**WHAT THE TASK REQUIRES:**
Reproduce word for word the line holding "Ant Esports 100" and all lines after it in the data, through the end, leaving out pictures.

**RECORD EXTRACTS:**
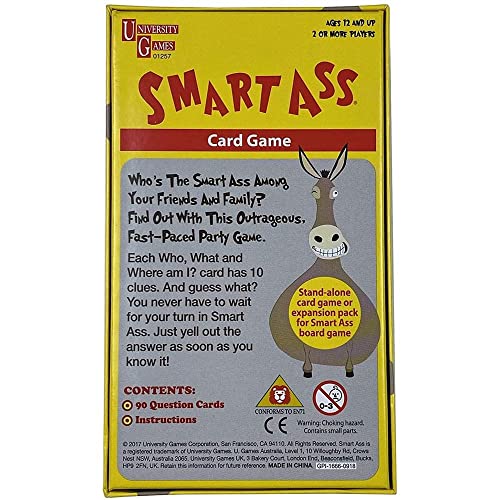Smart Ass Card Game - Non-book item image 2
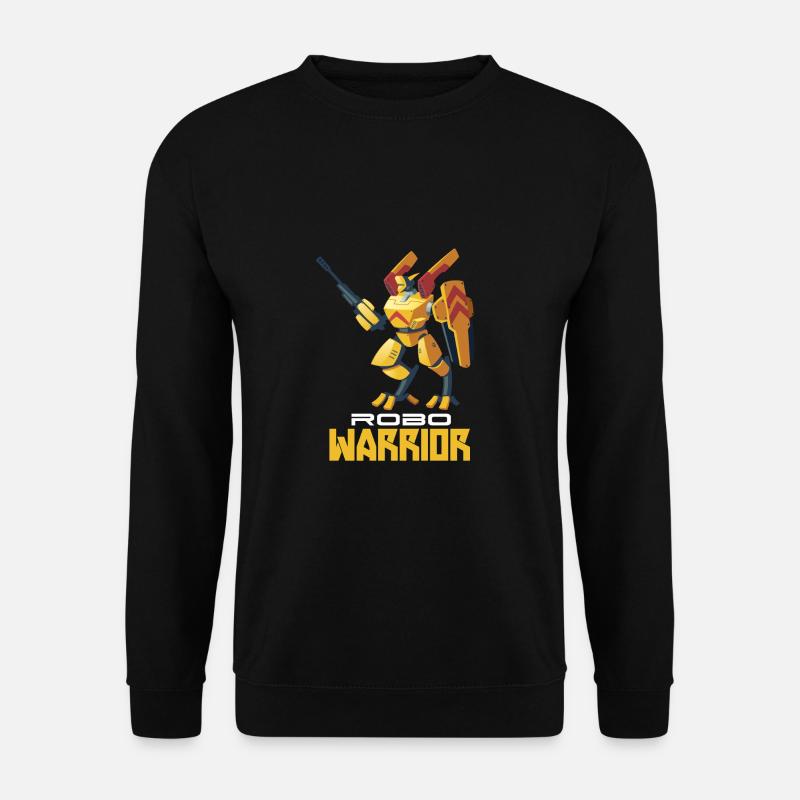 Robo warrior - Unisex Pullover - Schwarz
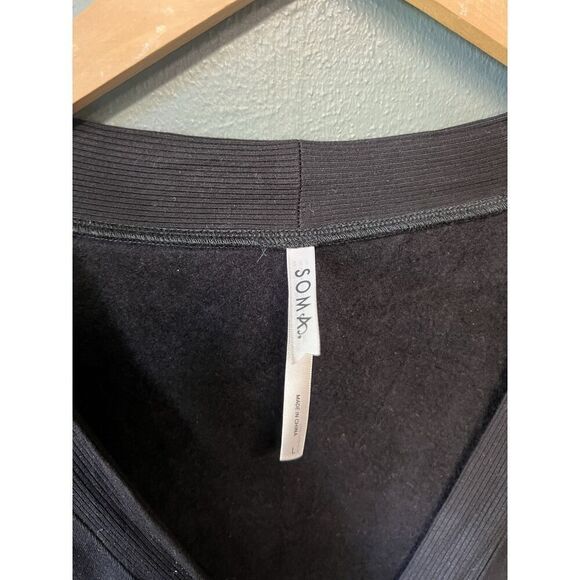 Soma Womens Black Long Sleeve Button Up Cardigan Sweater Size Large - Picture 3 of 3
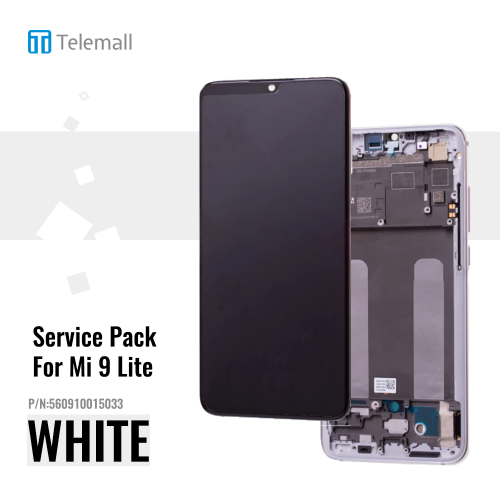 Xiaomi Mi 9 Lite (M1904F3BG) Display unit complete pearl white 5600050F3B00 560910015033 Service Pack Display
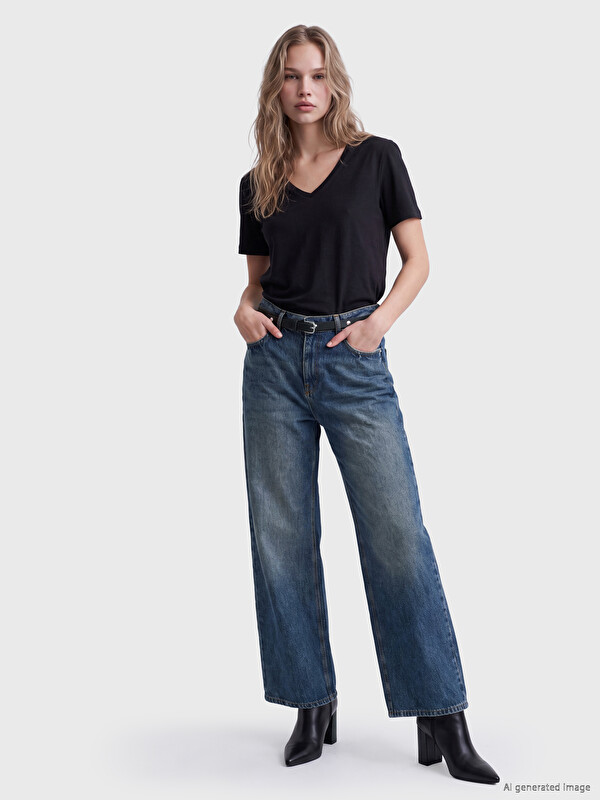 LCW Jeans Wideleg Kadın Jean Pantolon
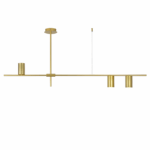 ACA DECOR   φωτιστικό οροφής 3xGU10 130x53cm σε χρυσό χρώμα – OD843C130G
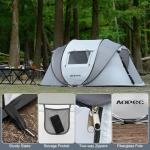 AOPEC Pop Up Camping Tent, 2/4/6 Person Instant Tent Waterproof PU4500mm, Spacious Ventilated Camping Tent with Front Porch, Quick Setup Lightweight Portable for Outdoor Camping Hiking Beach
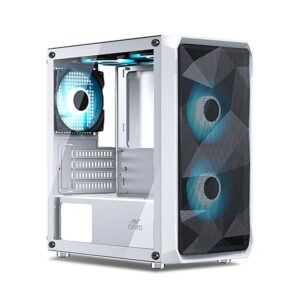 Ant Esports 100 Air Mini M-ATX Gaming Cabinet - White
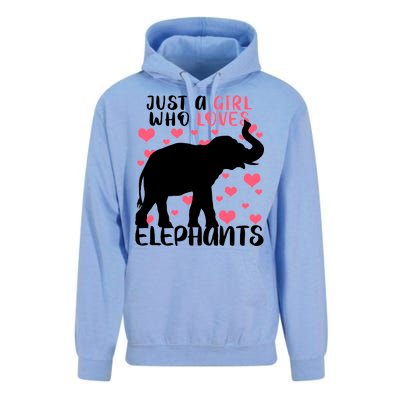 Just A Girl Who Loves Elephants Unisex Surf Hoodie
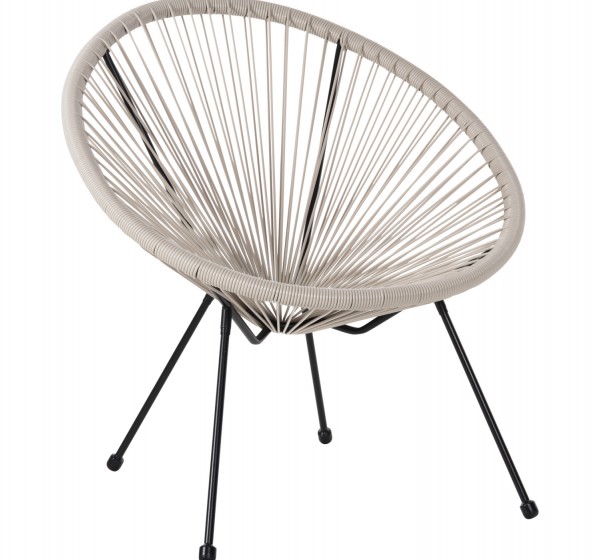 ΠΟΛΥΘΡΟΝΑ HM5872.03 ΤΥΠΟΥ ΦΩΛΙΑ ΜΕΤΑΛ. ACAPULCO ΜΑΥΡΗ-ΕΚΡΟΥ ΣΥΝΘ. RATTAN 71x72x80Υεκ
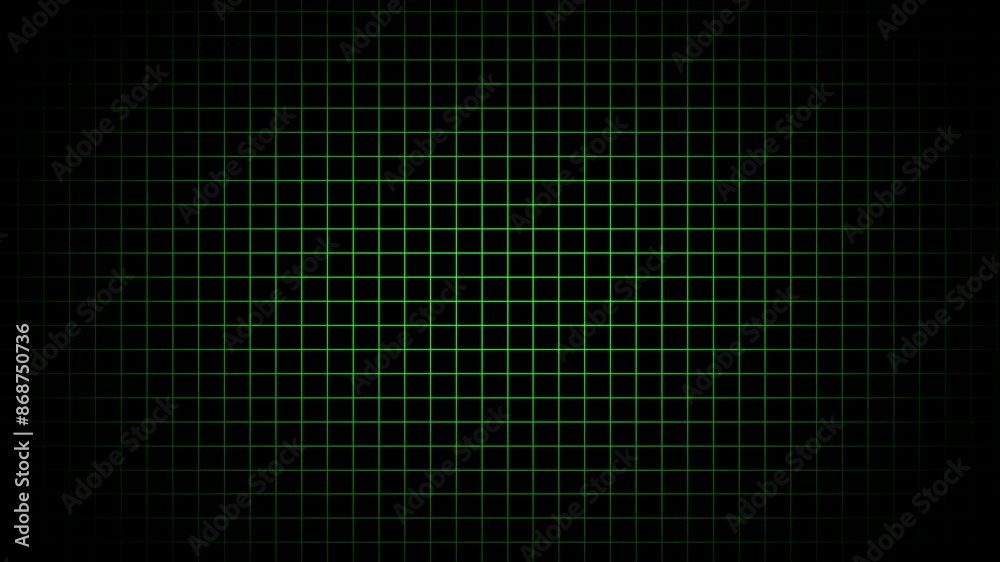 Grid Flat ZOOM IN- Dynamic Visual Elements Overlay Pan for Creative Projects - black and GREEN grid 4K
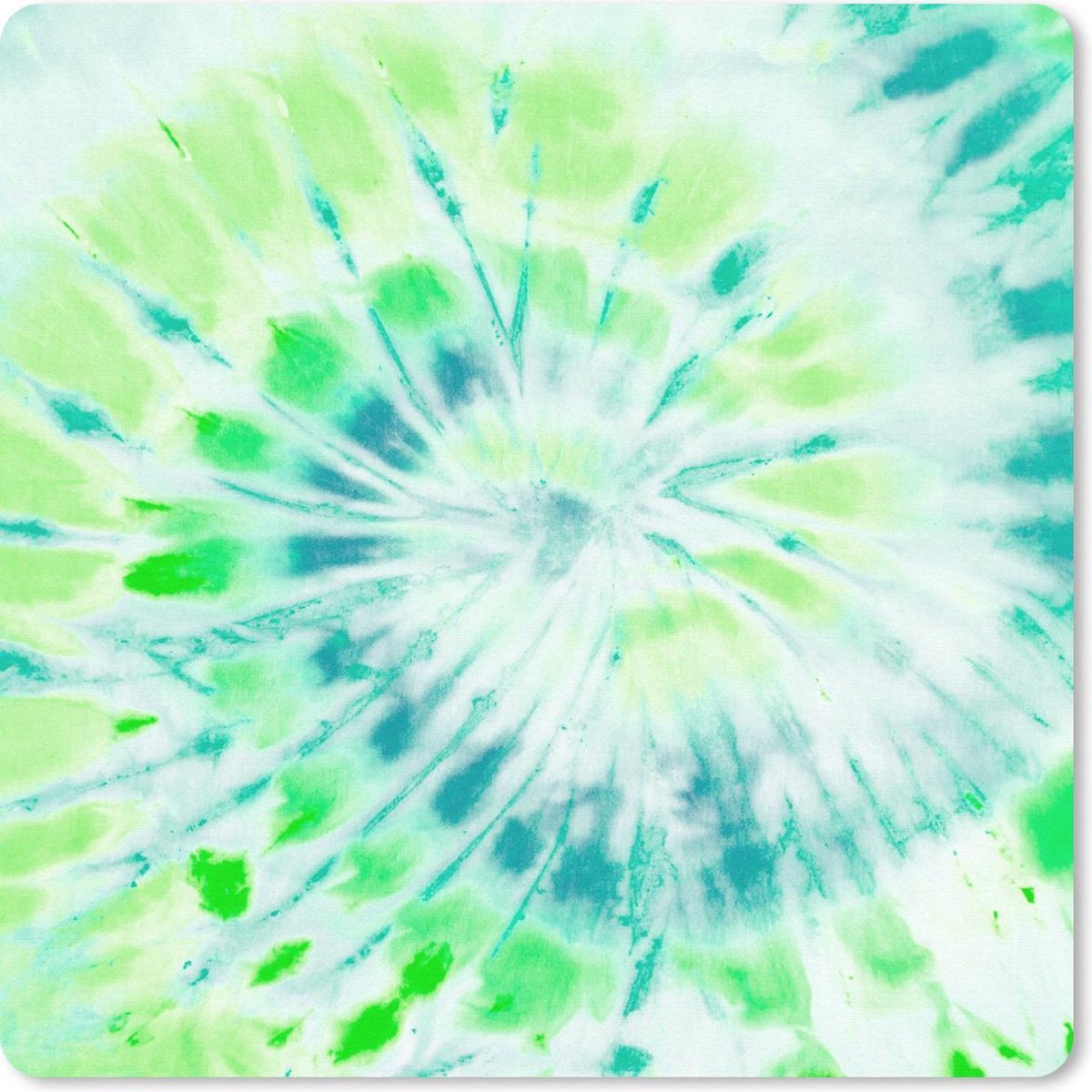 Muismat 20x20 cm - Mousepad Tie dye - Spiraal - Hippie - Muismatten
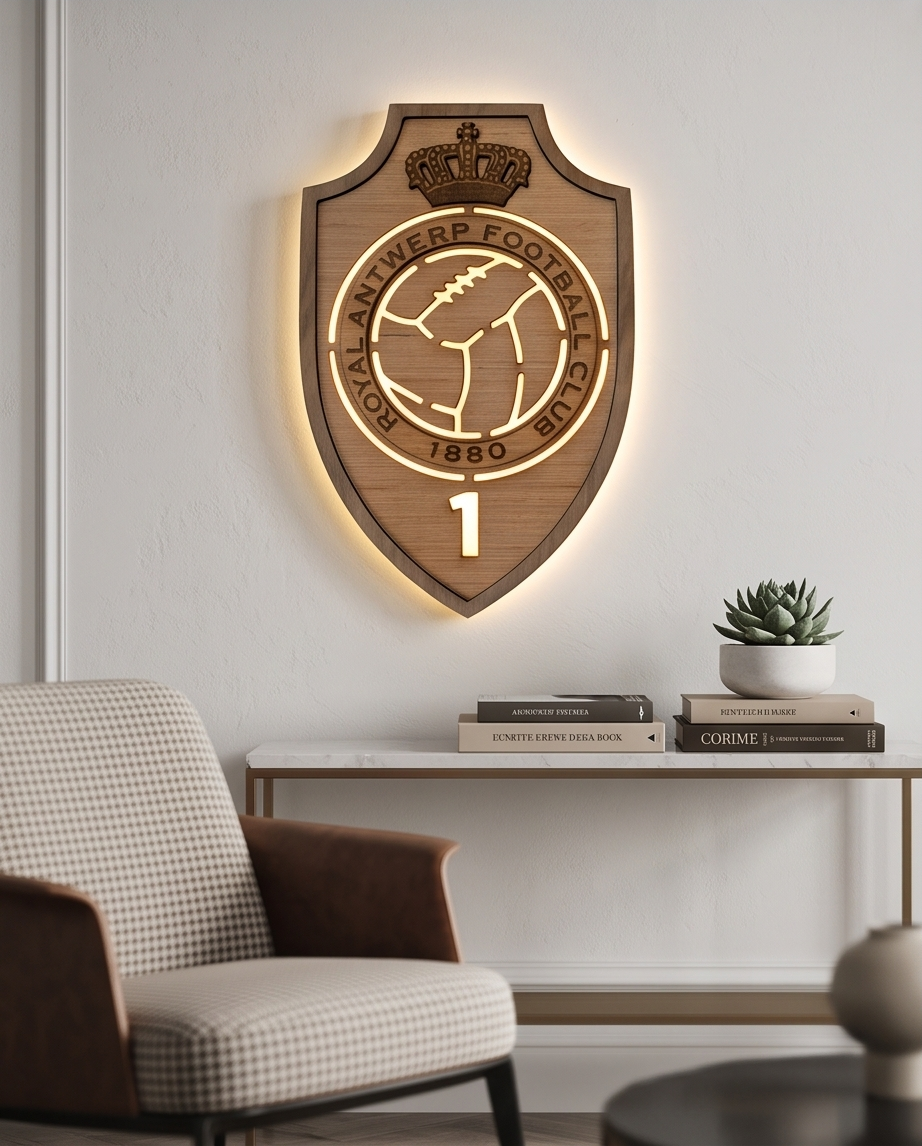 Voetbalpassie in een stralend design - Voetbal Lamp (1)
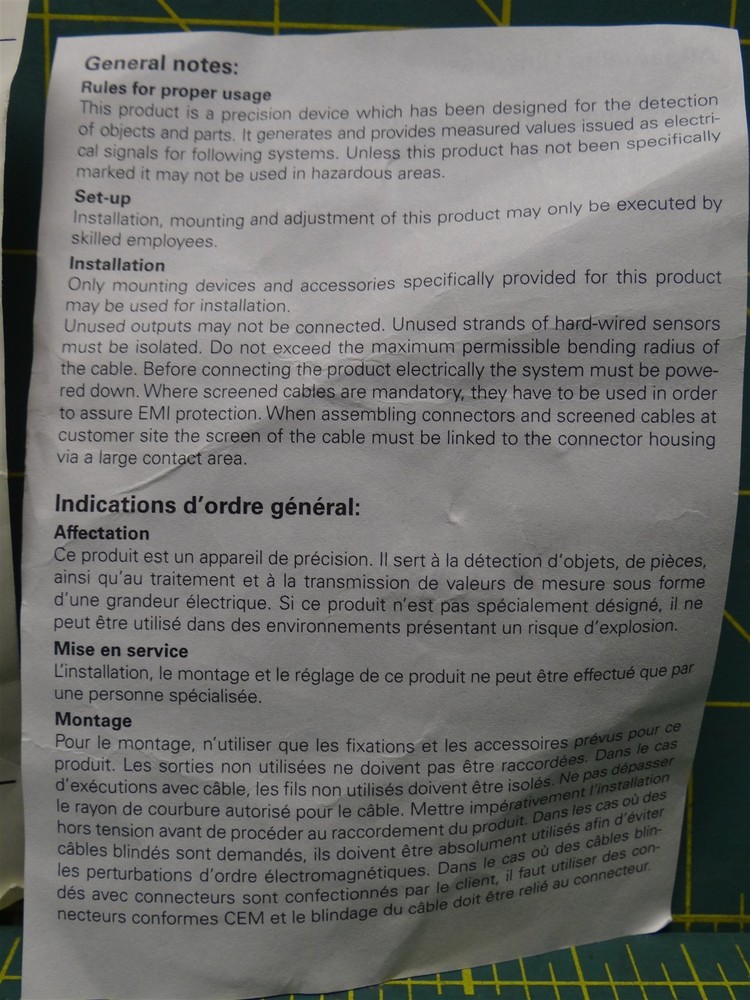 Baumer IFFM08P17A1/O1S35L Inductive Proximity Sensor Rect. Flush M8 Connector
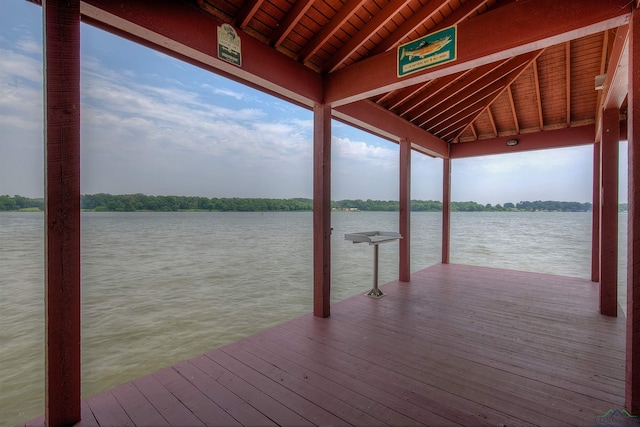 209 Rocky Point Rd, Mount Vernon, TX 75457 - dock area featuring a water view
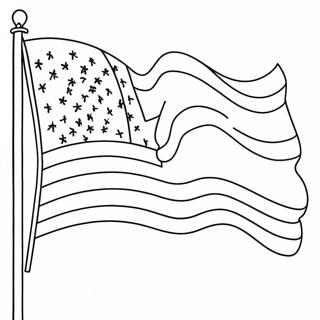 Colorful Blank Flag Template Coloring Page 30654-24553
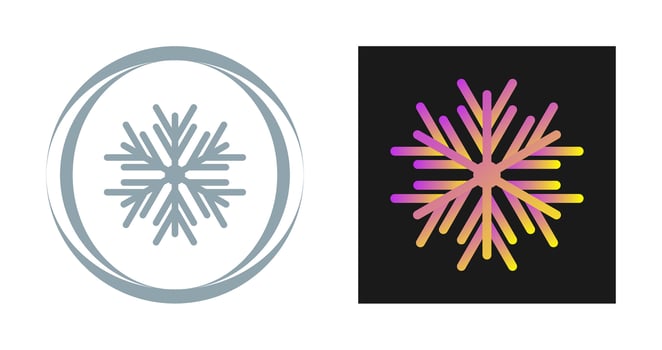 Snowflake Vector Icon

**EXERCISE ANSWER:**
 Ant Esports 100 Air Mini M-ATX Gaming Cabinet - White
 Just A Girl Who Loves Elephants Unisex Surf Hoodie
 ΠΟΛΥΘΡΟΝΑ HM5872.03 ΤΥΠΟΥ ΦΩΛΙΑ ΜΕΤΑΛ. ACAPULCO ΜΑΥΡΗ-ΕΚΡΟΥ ΣΥΝΘ. RATTAN 71x72x80Υεκ
 Grid Flat ZOOM IN- Dynamic Visual Elements Overlay Pan for Creative Projects - black and GREEN grid 4K
 Muismat 20x20 cm - Mousepad Tie dye - Spiraal - Hippie - Muismatten
 Voetbalpassie in een stralend design - Voetbal Lamp (1)
 Baumer IFFM08P17A1/O1S35L Inductive Proximity Sensor Rect. Flush M8 Connector
 209 Rocky Point Rd, Mount Vernon, TX 75457 - dock area featuring a water view
 Colorful Blank Flag Template Coloring Page 30654-24553
 Snowflake Vector Icon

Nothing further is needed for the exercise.